Myth 2 – Carrying a balance on my credit cards can boost my credit score.
Fact – Wrong! Carrying a balance on credit cards month to month will hurt your credit. Generally, it’s advised that, when possible, credit card balances are paid in full (each month) to work towards optimal credit.
Myth 3 – There’s nothing I can do when creditors threaten to sue me or garnish my wages due to unpaid debt.
Fact – Wrong again! If creditors are contacting you and threatening to take action against you (like by suing you, garnishing your wages, repossessing assets and/or foreclosing on your home), you may have a few options for halting these actions and maintaining the asset(s) in question.
For example, one option can be to file for bankruptcy, which will immediately stop creditors from moving forward with punitive actions. That’s because, when someone files for bankruptcy, an automatic stay takes effect. The automatic stay is essentially a court order that halts any planned or impending actions against debtors while the figure out how to resolve serious debt issues.
One reason for this court order is to prevent any one creditor from coming in and taking all or the majority of assets (leaving nothing or minimal assets for other creditors owed money).
Myth 4 – If I know I’m going to file for bankruptcy, it’s OK for me to run up charges on my credit cards (because that debt will eventually be discharged).
Fact – Not true! If you know that you will be filing for bankruptcy, running up charges on your credit card can constitute fraud. This is because credit card companies can argue that you had no intention of ever repaying the debt (because you were operating under the assumption that debt would be discharged via your future bankruptcy case).
If the court agrees that fraud was committed, what will likely occur is that:
The debt will not be eligible to be discharged.
The entire bankruptcy case can be dismissed.
Formal criminal fraud charges may be filed.
Need More Answers & Advice Regarding Your Debt Issues? Contact a Denver Bankruptcy Attorney at Garcia & Gonzales, P.C.

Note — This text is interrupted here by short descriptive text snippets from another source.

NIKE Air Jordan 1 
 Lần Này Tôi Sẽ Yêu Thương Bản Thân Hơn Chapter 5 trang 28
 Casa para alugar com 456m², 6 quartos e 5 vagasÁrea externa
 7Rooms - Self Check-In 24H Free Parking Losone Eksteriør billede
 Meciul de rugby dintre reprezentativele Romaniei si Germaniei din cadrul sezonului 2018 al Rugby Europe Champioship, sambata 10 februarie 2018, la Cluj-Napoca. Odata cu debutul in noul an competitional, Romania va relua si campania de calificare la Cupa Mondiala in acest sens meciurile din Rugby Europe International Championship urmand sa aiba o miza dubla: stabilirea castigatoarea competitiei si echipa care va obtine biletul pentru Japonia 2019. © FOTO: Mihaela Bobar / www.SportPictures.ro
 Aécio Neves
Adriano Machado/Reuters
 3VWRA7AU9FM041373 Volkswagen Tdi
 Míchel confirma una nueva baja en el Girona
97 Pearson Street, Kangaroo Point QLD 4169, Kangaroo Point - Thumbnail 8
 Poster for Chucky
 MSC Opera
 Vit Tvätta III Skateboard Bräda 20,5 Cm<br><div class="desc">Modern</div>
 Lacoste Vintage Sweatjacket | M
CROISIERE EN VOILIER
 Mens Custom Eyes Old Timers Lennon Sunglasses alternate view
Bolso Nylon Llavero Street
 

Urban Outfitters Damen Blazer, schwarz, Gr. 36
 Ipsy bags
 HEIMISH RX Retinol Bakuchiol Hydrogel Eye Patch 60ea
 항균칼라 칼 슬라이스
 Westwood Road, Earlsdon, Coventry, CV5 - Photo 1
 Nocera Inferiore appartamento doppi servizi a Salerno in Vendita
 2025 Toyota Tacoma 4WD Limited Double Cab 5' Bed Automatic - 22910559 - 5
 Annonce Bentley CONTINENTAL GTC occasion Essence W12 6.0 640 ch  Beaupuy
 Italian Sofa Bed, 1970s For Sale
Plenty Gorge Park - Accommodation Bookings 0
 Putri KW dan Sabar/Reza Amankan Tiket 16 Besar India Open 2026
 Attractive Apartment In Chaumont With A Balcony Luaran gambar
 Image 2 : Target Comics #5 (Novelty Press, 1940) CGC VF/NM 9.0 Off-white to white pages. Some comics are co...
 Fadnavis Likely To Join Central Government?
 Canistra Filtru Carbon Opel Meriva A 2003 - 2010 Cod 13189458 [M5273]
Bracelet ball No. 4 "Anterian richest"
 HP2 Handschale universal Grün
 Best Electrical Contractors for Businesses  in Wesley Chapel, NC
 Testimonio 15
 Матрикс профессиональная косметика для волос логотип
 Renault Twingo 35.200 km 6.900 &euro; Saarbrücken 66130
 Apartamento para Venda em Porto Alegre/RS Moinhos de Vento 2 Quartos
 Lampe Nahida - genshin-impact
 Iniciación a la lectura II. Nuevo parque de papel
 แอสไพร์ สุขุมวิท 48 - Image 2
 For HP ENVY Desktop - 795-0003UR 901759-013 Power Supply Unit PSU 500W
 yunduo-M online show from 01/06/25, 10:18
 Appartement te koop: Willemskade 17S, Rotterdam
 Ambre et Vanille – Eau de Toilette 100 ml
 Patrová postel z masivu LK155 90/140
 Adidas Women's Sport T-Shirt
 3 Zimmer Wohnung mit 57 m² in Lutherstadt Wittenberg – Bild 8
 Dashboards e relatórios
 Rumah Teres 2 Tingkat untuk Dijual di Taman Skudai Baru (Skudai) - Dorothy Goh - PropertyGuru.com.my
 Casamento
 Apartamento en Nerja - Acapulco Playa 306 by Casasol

Are you looking for real relief from serious debt? If so, you can trust the experienced Denver bankruptcy attorney at Garcia & Gonzales, P.C. to provide you with experienced help and honest answers about your best debt relief options.
Contact us today by calling or by emailing us using the contact form at the bottom of this page. When you contact us, you will communicate directly with one of our attorneys, not a paralegal or legal assistant. We welcome Spanish-speaking individuals to contact us also – hablamos Español.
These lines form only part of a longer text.